The CEOs of hospitals in the Jackson, Tenet and Memorial healthcare systems shared their assessment during a Zoom meeting arranged Friday by the Greater North Miami Beach Chamber of Commerce.

All cautioned the community must continue masking and distancing from others, but they are hopeful the expected increase in cases over the next few weeks will not strain hospitals as critically as did the summer surge.

"The curve isn’t moving the same way the curve did on the last wave," said Mark Racicot, CEO of North Shore Medical Center.

Consider: over the seven days ending Thursday, the state averaged more than 7,200 new cases a day -- a 200 percent increase over six weeks.

But the last time a rising curve crossed 7,200 cases a day -- July 3 -- it had taken only two weeks to rise 200 percent.

So the curve was rising three times faster going into July than it is currently.

Back in June, "people were out and about and we saw a pretty significant spike sometime in July," said Tony Gomez, CEO of Jackson North Medical center. "We had nearly 500 COVID positive patents throughout our hospitals" back then.

Today, it’s 124 at all Jackson hospitals and holding steady for about a week, Gomez said.

The peak for five Tenet hospitals, including North Shore Medical Center, was 406 patients on July, Racicot said.
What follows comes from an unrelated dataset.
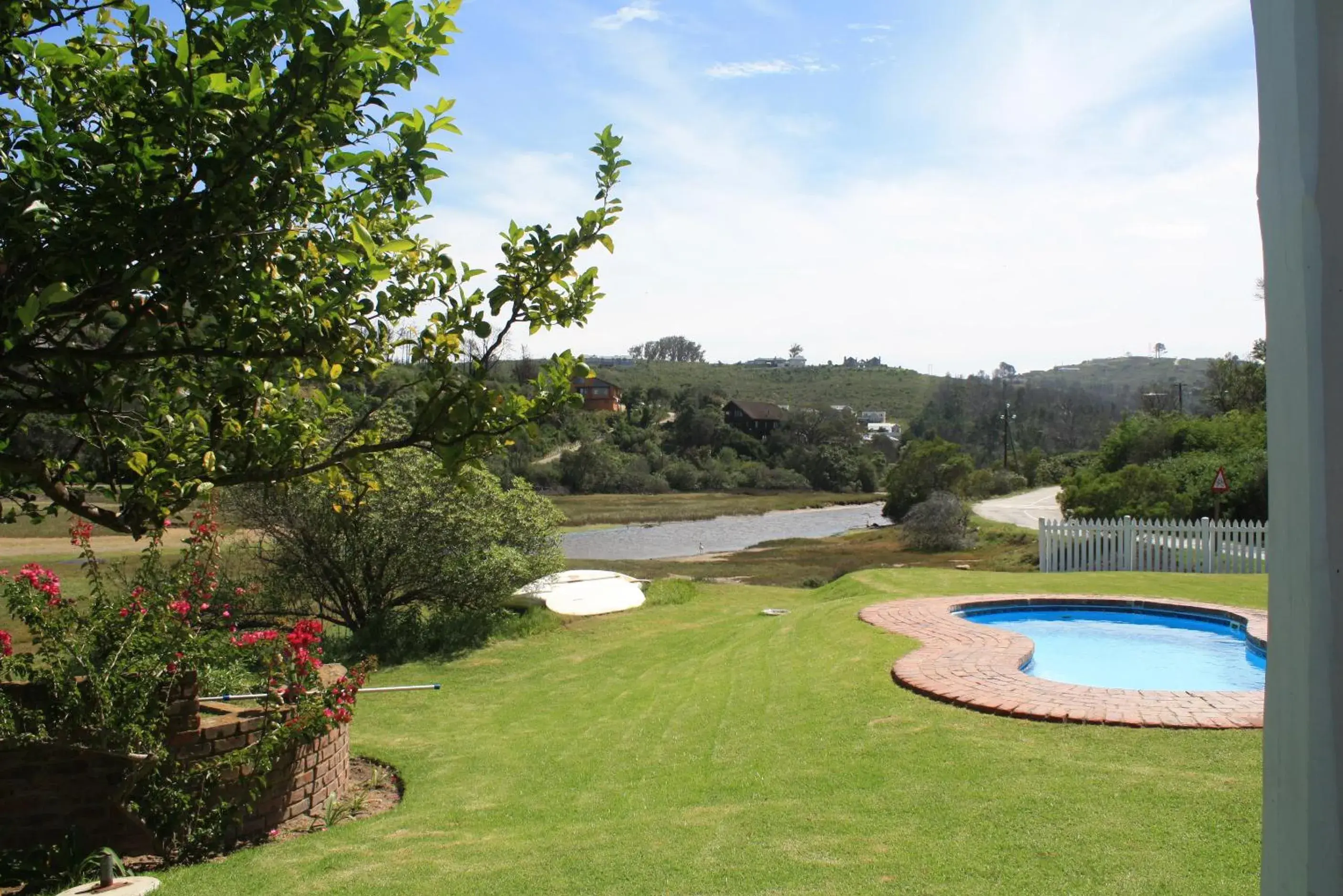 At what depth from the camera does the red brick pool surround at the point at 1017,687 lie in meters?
6.96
Today, it’s 99.

All is well at Memorial hospitals, too, said Peter Powers, CEO of Memorial Regional Hospital. But he said models predict the next wave of patients will peak around Christmas.
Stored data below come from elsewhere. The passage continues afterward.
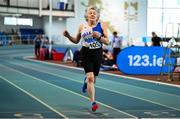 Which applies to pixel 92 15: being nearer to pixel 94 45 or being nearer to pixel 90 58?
pixel 94 45

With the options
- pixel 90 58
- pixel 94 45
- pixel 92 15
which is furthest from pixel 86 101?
pixel 92 15

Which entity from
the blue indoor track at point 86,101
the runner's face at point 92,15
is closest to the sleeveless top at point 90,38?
the runner's face at point 92,15

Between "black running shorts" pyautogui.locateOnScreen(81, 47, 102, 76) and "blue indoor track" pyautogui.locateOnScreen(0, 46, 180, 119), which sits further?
"black running shorts" pyautogui.locateOnScreen(81, 47, 102, 76)

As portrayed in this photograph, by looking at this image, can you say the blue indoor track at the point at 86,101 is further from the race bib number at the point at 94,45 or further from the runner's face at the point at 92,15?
the runner's face at the point at 92,15

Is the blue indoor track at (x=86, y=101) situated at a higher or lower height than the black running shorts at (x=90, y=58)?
lower

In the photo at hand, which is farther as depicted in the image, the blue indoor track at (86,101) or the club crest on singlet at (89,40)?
the club crest on singlet at (89,40)

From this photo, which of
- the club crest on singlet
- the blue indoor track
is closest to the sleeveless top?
the club crest on singlet

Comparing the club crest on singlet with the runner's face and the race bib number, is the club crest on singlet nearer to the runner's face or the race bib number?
the race bib number

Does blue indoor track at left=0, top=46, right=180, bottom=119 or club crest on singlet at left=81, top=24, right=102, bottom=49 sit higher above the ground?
club crest on singlet at left=81, top=24, right=102, bottom=49

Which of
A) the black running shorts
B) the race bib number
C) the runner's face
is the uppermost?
the runner's face

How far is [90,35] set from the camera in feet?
26.8

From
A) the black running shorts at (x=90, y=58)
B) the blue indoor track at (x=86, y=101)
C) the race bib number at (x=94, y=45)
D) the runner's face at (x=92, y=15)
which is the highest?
the runner's face at (x=92, y=15)

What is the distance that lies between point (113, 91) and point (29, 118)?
503 centimetres

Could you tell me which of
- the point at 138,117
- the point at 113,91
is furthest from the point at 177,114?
the point at 113,91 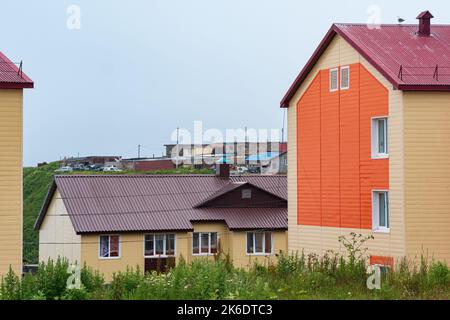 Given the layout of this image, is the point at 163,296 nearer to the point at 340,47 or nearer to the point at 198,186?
the point at 340,47

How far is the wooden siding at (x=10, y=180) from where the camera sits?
26688 millimetres

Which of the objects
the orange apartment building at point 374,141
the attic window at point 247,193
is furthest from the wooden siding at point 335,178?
the attic window at point 247,193

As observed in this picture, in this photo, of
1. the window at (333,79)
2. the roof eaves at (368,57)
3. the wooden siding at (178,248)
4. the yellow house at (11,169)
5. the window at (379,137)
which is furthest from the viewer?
the wooden siding at (178,248)

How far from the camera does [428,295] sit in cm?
1725

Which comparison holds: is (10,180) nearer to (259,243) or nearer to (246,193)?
(259,243)

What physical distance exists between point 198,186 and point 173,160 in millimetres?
29873

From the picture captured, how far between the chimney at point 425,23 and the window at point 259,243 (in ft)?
55.6

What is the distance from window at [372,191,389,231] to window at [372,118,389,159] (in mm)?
1289

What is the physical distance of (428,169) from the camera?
28.9 meters

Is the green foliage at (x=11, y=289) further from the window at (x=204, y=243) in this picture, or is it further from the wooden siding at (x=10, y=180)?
the window at (x=204, y=243)

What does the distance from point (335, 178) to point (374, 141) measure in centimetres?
254

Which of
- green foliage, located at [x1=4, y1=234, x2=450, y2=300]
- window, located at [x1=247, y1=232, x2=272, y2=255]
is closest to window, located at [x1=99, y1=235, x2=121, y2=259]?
window, located at [x1=247, y1=232, x2=272, y2=255]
"Numbers have remained relatively stable," Powers said. "We have not seen big spikes yet. I will say that the models and forecasts of the positivity rates in the area do not look promising, so we have to do everything that we possibly can to slow that down."

For those who do get sick, the hospital execs say mortality rates lately been much lower.

"We’ve learned so, so much since the beginning of this thing in terms of, therapeutics, that we can use non-pharmaceutical treatments that are being deployed," Racicot said.

But all agree, the best advice for battling COVID is not to get it in the first place.